At the plate, Toritani stands tall and upright, with his hands set up about shoulder-high away from his body. He gets his arms into better position to hit during his leg kick. Like many of his contemporaries, he is a left-handed spray hitter; but he is more than just a slap-happy singles hitter as he possesses power to all fields. According to Tony Barnette, former Arizona Diamondbacks farmhand who has pitched for the Yakult Swallows since 2010, "As a pitcher, you try to mix it up with him. He's a smart hitter who will pick up a pattern. When I face him, I try to give him the best I have to offer and, once I release the ball, I hope he gets himself out. Hitters like him rarely get beat by pitchers. The reason he gets out is because he mis-hits the ball."
Starting in 2010, Toritani made running a more regular part of his game. Before that season, his personal best was seven stolen bases, set in 2007 and matched in 2009, with a roughly 50% success rate. As offense dropped across the board, Toritani began incorporating the stolen base into his game, much like he did with drawing walks. Since 2010, he has successfully stolen double-digit bases, with a personal best of 16 in 2011. In addition to running more, he began picking and choosing his spots better, resulting in a 75% success rate.
Toritani has a reputation for being a very capable defensive infielder. He regularly makes plays from deep in the 6-5 hole, getting to balls with his above-average range and completing them thanks to his strong throwing arm, which is among the best in Japan. Earlier in his career, he was somewhat error-prone and rushed his throws; but after tying for the league lead in errors in 2008, the shortstop shored up that aspect of his game. Since then, he has committed fewer than ten errors per year, averaging roughly six per season. How his defensive numbers would translate to MLB is anyone's guess, as Japanese infielders have historically had trouble adapting to the new league. Working in Toritani's favor is the fact that the Tigers' home field is the storied Koshien Stadium, an outdoor, natural grass and dirt playing field, one of only two in Japan, along with Mazda Stadium (home of the Hiroshima Toyo Carp). Because the transition from playing primarily on artificial turf to primarily on natural grass has been difficult for other Japanese players in the past, Toritani might be able to avoid something that has plagued most of his predecessors. In 2012, a scout who watched the shortstop was unsure about where an MLB team might use him, saying, "If an MLB team does decide to take him, I don't know if he'll be used as a shortstop. Maybe second base, maybe elsewhere."

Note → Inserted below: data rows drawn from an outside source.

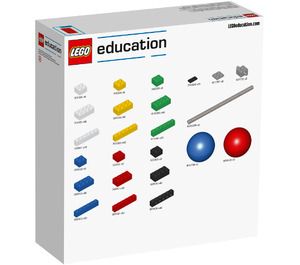 LEGO World Robot Olympiad Brick Set 45811 Packaging
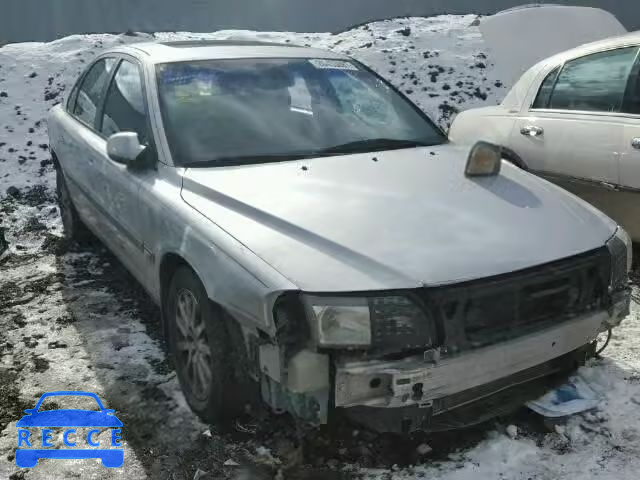 2001 VOLVO S80 YV1TS94D411150577 image 0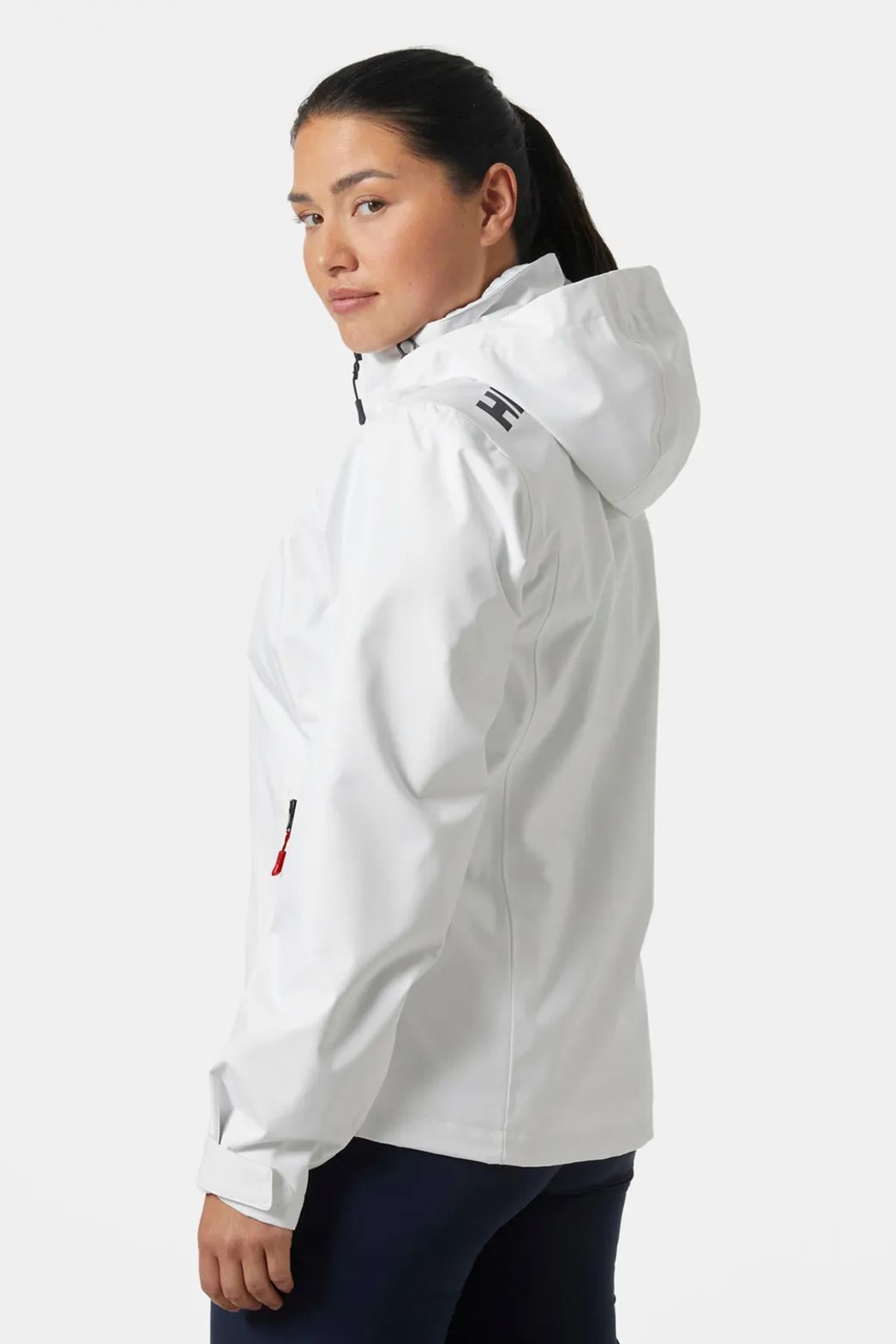 Helly Hansen W Crew Hooded Mont 2.0 Hha.34448 001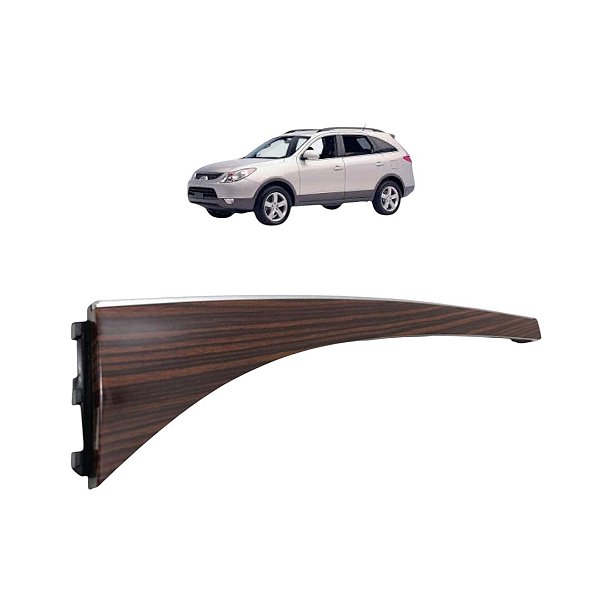 Friso Painel Lado Direito Hyundai Veracruz 2008 2009 A 2011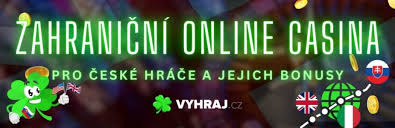 Objevte světy zahraničních kasin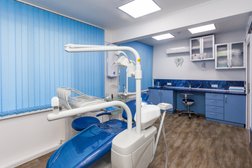 Стоматологическая клиника Видента, с рейтингом 5 - находится по адресу Краснодар, улица Хакурате, 2 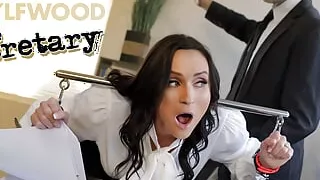 Alyssia, A Young And Troubled Woman, Finds Work As A Secretary For A Rigid And Demanding Attorney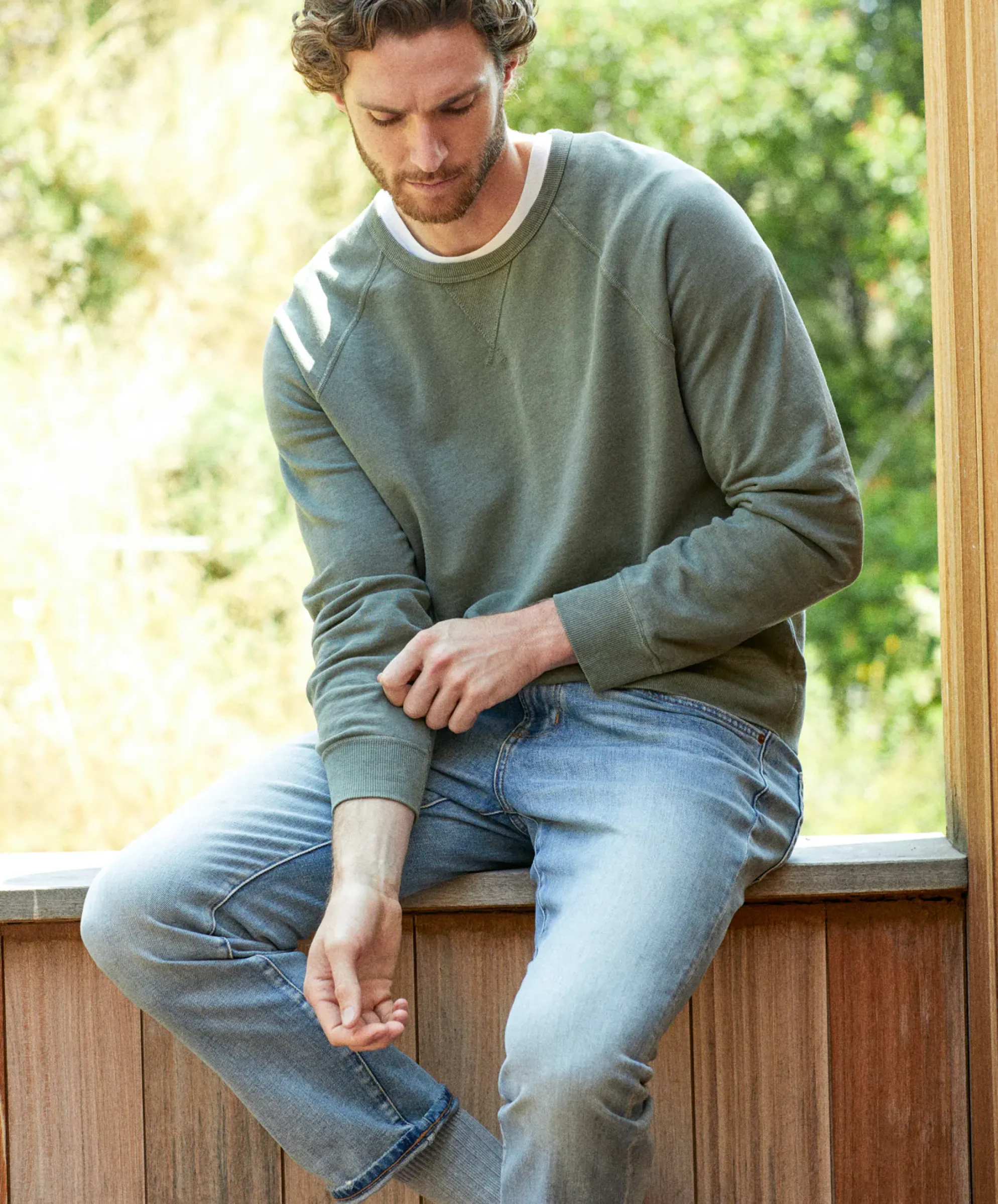 Men Outerknown California Sweatshirt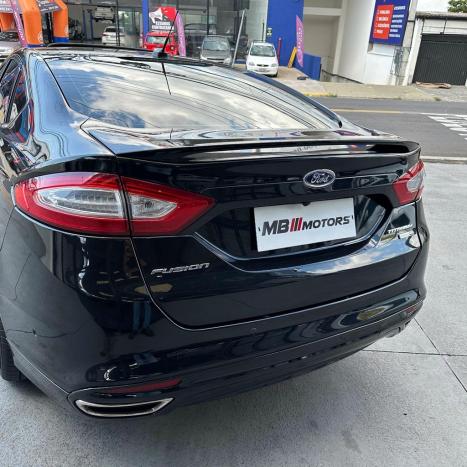 FORD Fusion 2.0 4P 16V TITANIUM AWD AUTOMTICO, Foto 9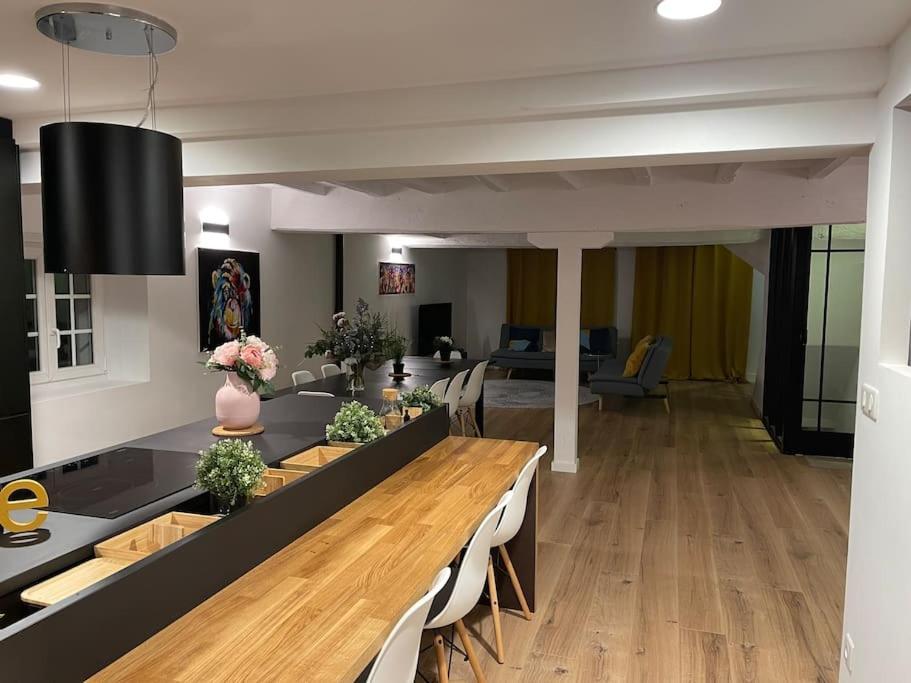 Belle Maison Basque 12 Personnes 어룬 외부 사진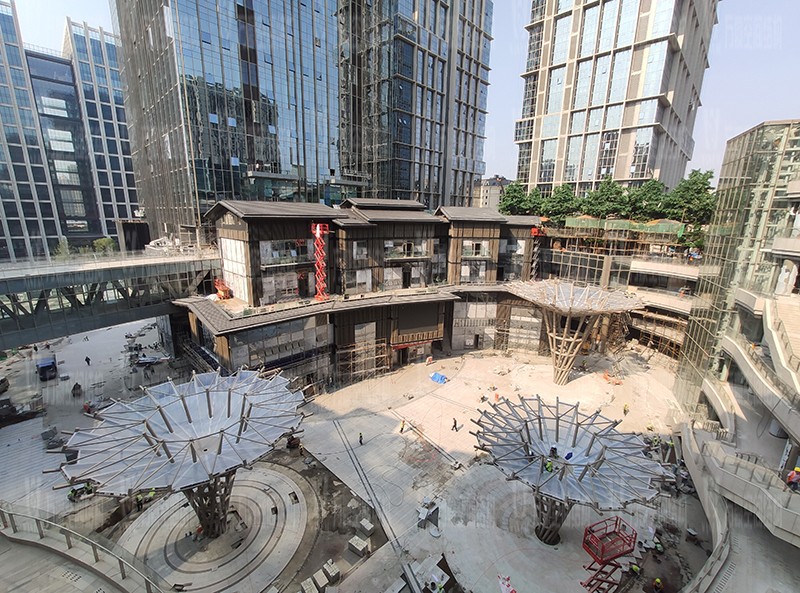 ETFE膜結(jié)構(gòu)抗臺風性能如何？臺風地區(qū)適合做ETFE膜結(jié)構(gòu)嗎？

After the season, it was reported that the left-hander was seriously considering exercising his international free agent option, making him a free agent eligible to sign with non-NPB teams. The shortstop has had his international free agent option since 2012, but has held off on exercising it, likely due to the U.S. market undervaluing him. At his advanced age, it is believed that Toritani sees this as his last chance to play in MLB and could finally pursue the opportunity. As an untested, soon-to-be 34-year-old rookie, it is doubtful that the market would value Toritani very highly. He does have interest from numerous clubs, however, including the Toronto Blue Jays, Boston Red Sox, Arizona Diamondbacks, Washington Nationals, Colorado Rockies, and Kansas City Royals. Having made roughly $3 million in the 2014 season, it will be interesting to see how much of a pay cut—if any—Toritani is willing to take. That is, how much is fulfilling a lifelong dream worth?